Co z "The Crown" po śmierci Elżbiety II? Fani produkcji z pewnością nie spodziewali się takich wieści
The Crown, to serial, który podbił serca fanów na całym świecie. Produkcja Netflixa opowiadająca o królowej Elżbiecie II jest niewątpliwie hitem bijącym rekordy popularności. Świadczyć może o tym fakt, że losy filmowych bohaterów śledziła podobno nawet sama monarchini. To jedna z najdroższych produkcji platformy i początkowo planowano pięć sezonów, ale już wiadomo, że na tym się nie skończyło.
11.09.2022 05:00
Produkcja została doceniona także przez krytyków i przedstawicieli branży filmowej — zdobyła dwa Złote Globy, a wcielający się w postać Winstona Churchilla John Lithgow otrzymał nagrodę Emmy.
Co z serialem po śmierci Elżbiety II?
Co z The Crown po śmierci Elżbiety II?
Królowa Elżbieta II nie żyje. Zmarła 8 września w szkockiej posiadłości w Balmoral, którą bardzo kochała. Brytyjczycy pogrążyli się w żałobie. Na tron wstąpił najstarszy syn monarchini i przyjął imię Karol III. W swoim pierwszym orędziu do narodu uhonorowała matkę słowami:
Co po śmierci Elżbiety II zamierzają zrobić twórcy The Crown? Twórca serialu Peter Morgan wystosował oficjalny list do portalu Deadline, w którym skomentował śmierć brytyjskiej monarchini. Przyznał, że spodziewa się, że wszelkie prace nad obrazem zostaną wstrzymane z uwagi na szacunek, którym ekipa filmowa darzy królową. Wspomniał o tym, że produkcja jest niczym innym jak listem miłosnym do królowej.

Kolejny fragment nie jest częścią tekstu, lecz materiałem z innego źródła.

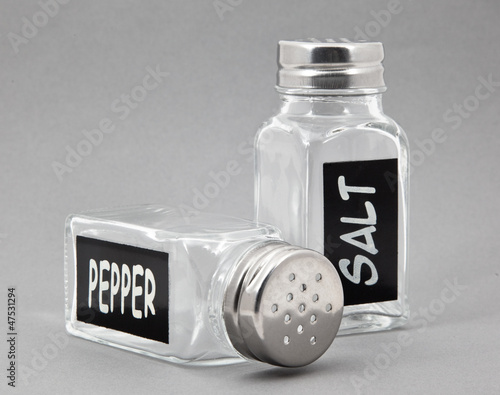 Empty glass saltshaker and pepperbox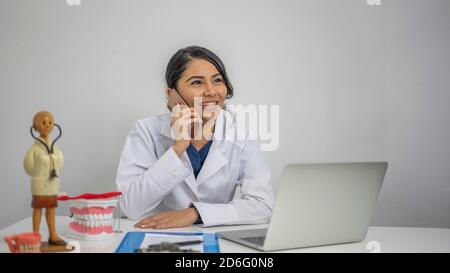 Junge hispanische Dentaltherapeutin, die in ihr am Telefon spricht Büro Stockfoto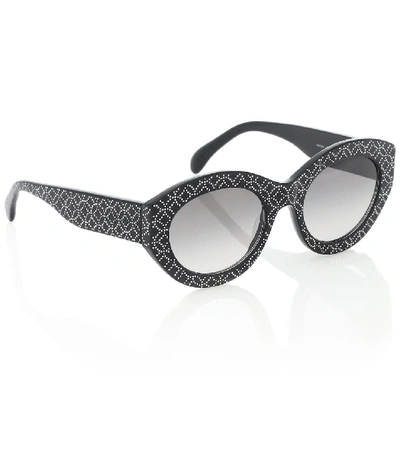 Shop Alaïa Embellished Oval Sunglasses In Black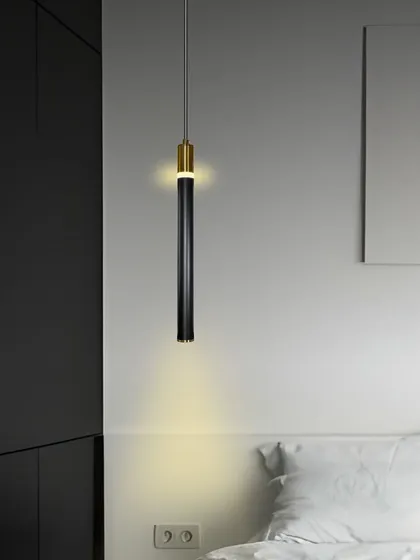 A single black and gold pendant light can be a simple yet effective lighting solution for a bedside. It provides focused downward light for reading and adds a touch of modern elegance.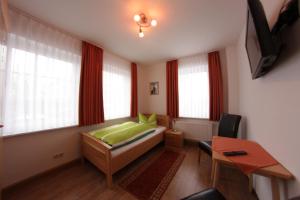 哥达帕松姆奥斯巴霍夫旅馆的卧室配有一张床、一张书桌和窗户。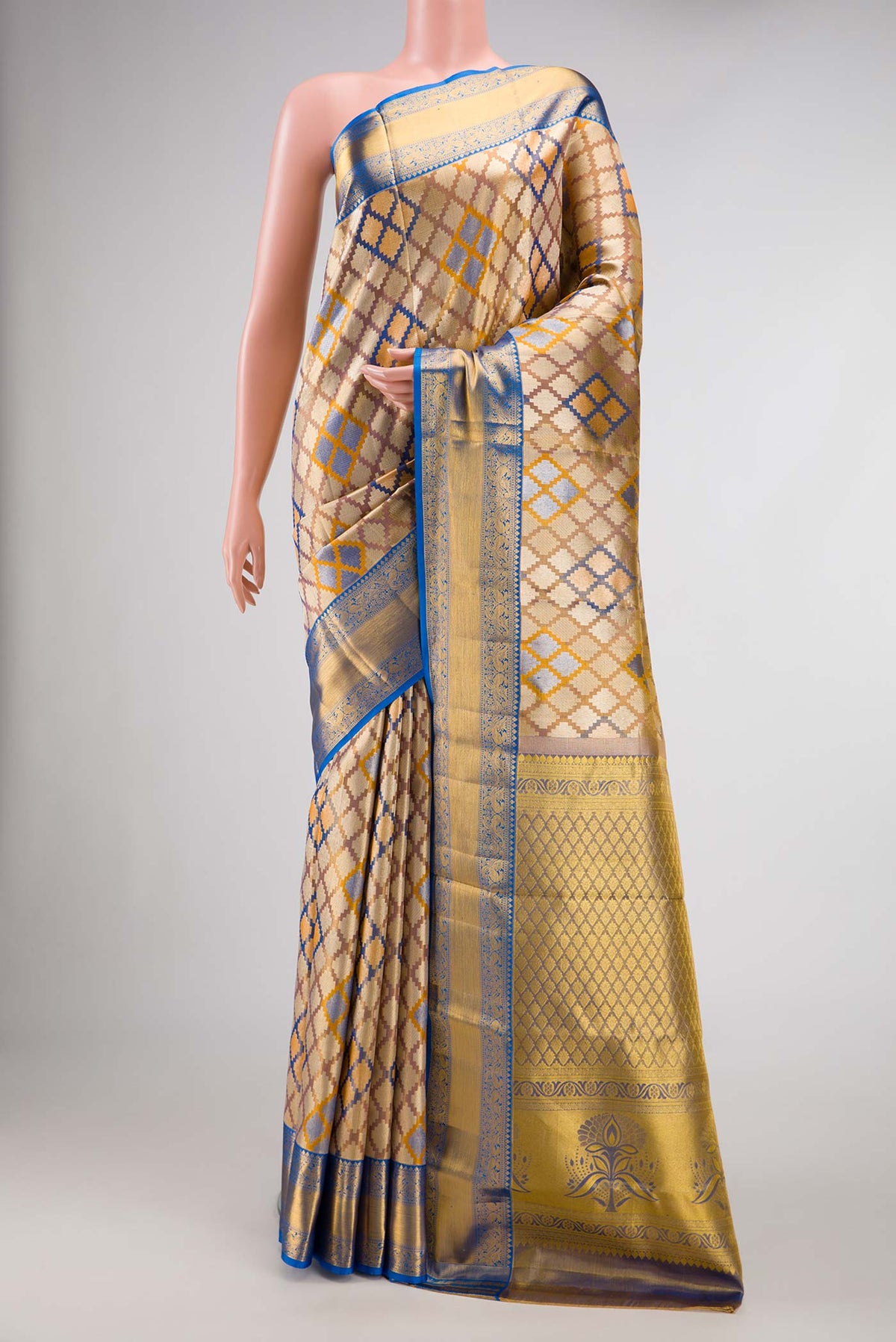 Gold Dual Tone Kanjivaram Tissue Silk Saree with Zari Brocade on the body and Zari Border.  displayed on a mannequin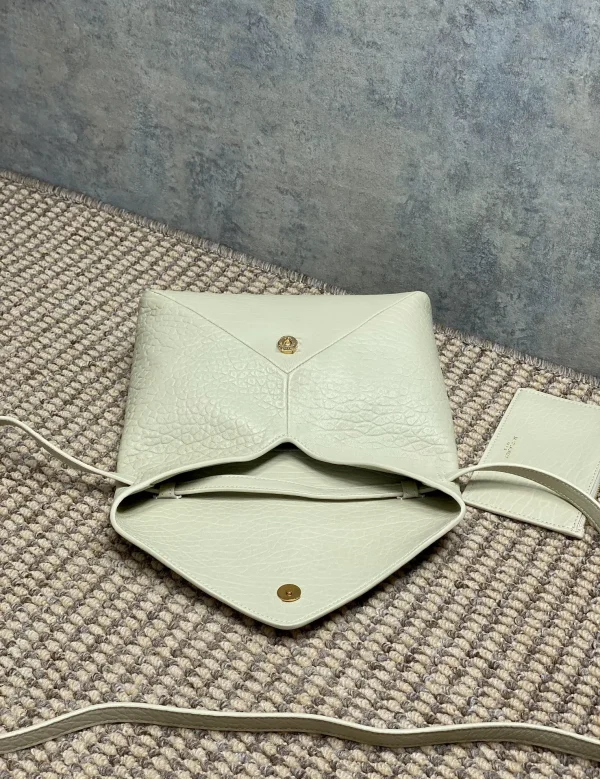 Saint Laurent Small Leather Clutch in White - Image 6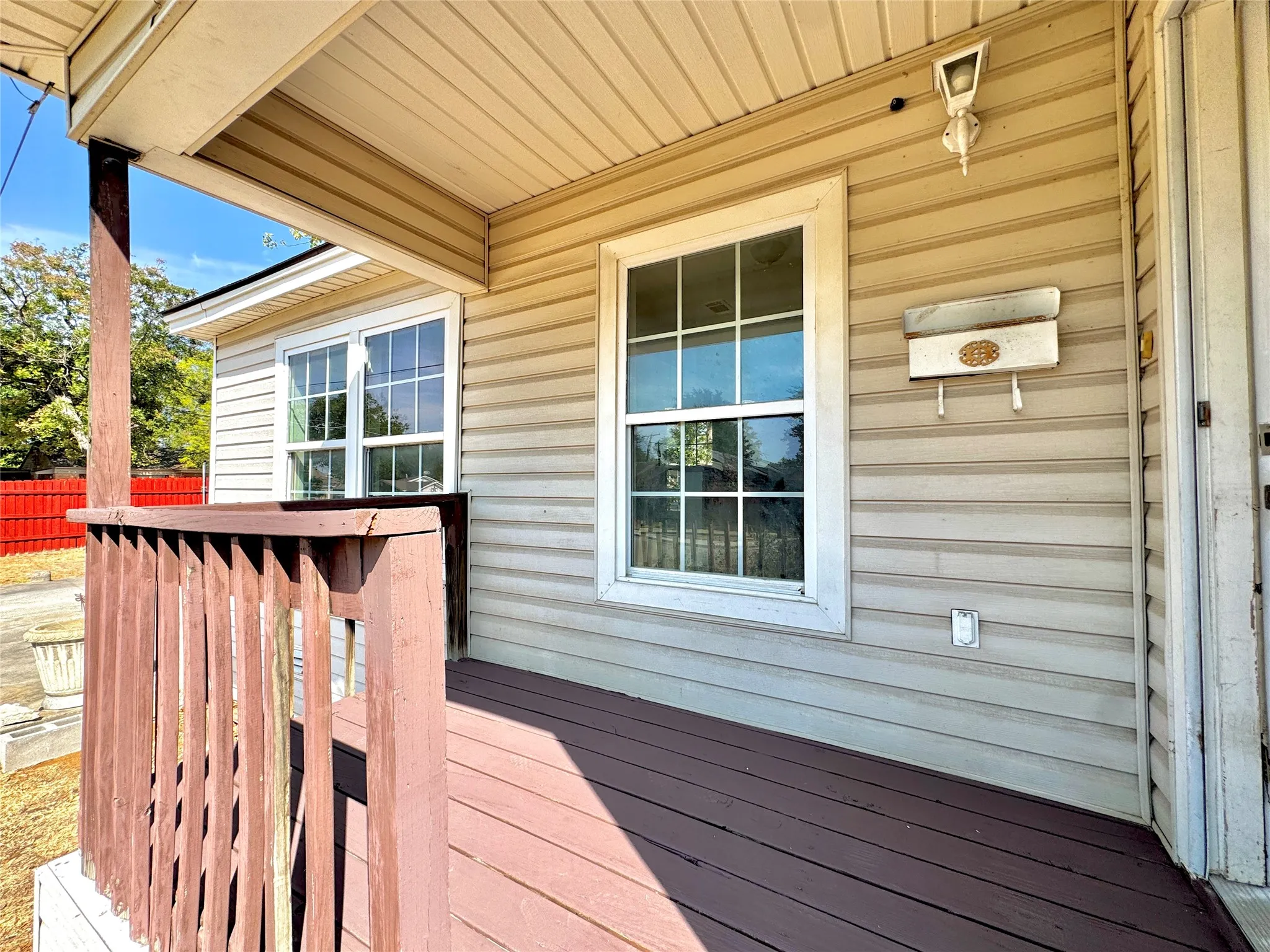 Covered porch with wood-finish decking, vertical wood railings, and two windows featuring grid panes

Do tej pory jednak nie pojawiła się informacja o zawieszeniu prac na kontach społecznościowych produkcji, jednak nie są one aktualizowane już od kilku miesięcy, a dokładnie od końca 2021 roku. Agencja AP podała dzisiaj, że producenci serialu The Crown podjęli decyzję o wstrzymaniu produkcji z powodu śmierci Elżbiety II.